- _Assigned task_:
Your answer must be only the lines below from the one containing "Close the vial" through the one containing "Hello and welcome", copied exactly, with the pictures left out.

- _Input material_:
BEGIN

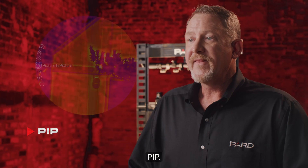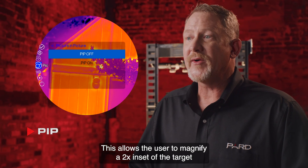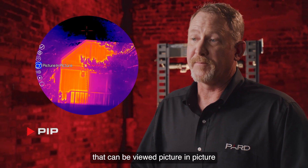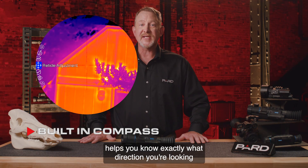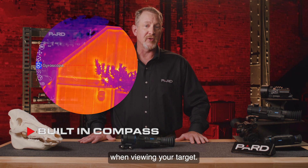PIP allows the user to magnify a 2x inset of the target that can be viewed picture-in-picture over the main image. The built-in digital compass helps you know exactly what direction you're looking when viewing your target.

END
BEGIN

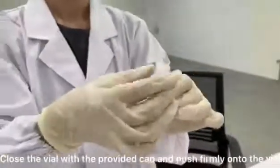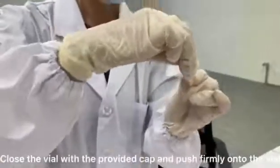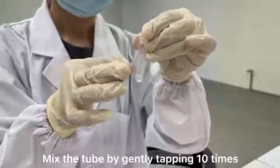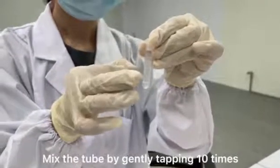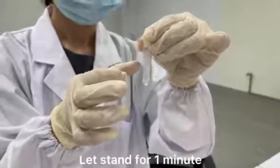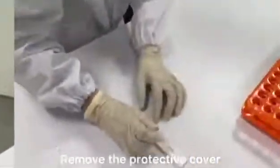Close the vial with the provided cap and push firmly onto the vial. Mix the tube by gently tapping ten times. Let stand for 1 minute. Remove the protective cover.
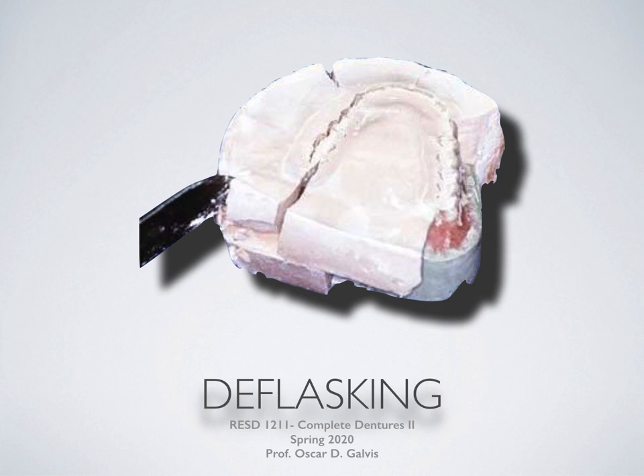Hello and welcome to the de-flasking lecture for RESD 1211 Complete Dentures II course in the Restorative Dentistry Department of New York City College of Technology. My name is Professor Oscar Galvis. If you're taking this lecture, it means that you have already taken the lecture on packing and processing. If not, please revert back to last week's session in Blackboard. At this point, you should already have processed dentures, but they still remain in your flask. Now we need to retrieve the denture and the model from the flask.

END

- _Solution below_:
Close the vial with the provided cap and push firmly onto the vial. Mix the tube by gently tapping ten times. Let stand for 1 minute. Remove the protective cover.
Hello and welcome to the de-flasking lecture for RESD 1211 Complete Dentures II course in the Restorative Dentistry Department of New York City College of Technology. My name is Professor Oscar Galvis. If you're taking this lecture, it means that you have already taken the lecture on packing and processing. If not, please revert back to last week's session in Blackboard. At this point, you should already have processed dentures, but they still remain in your flask. Now we need to retrieve the denture and the model from the flask.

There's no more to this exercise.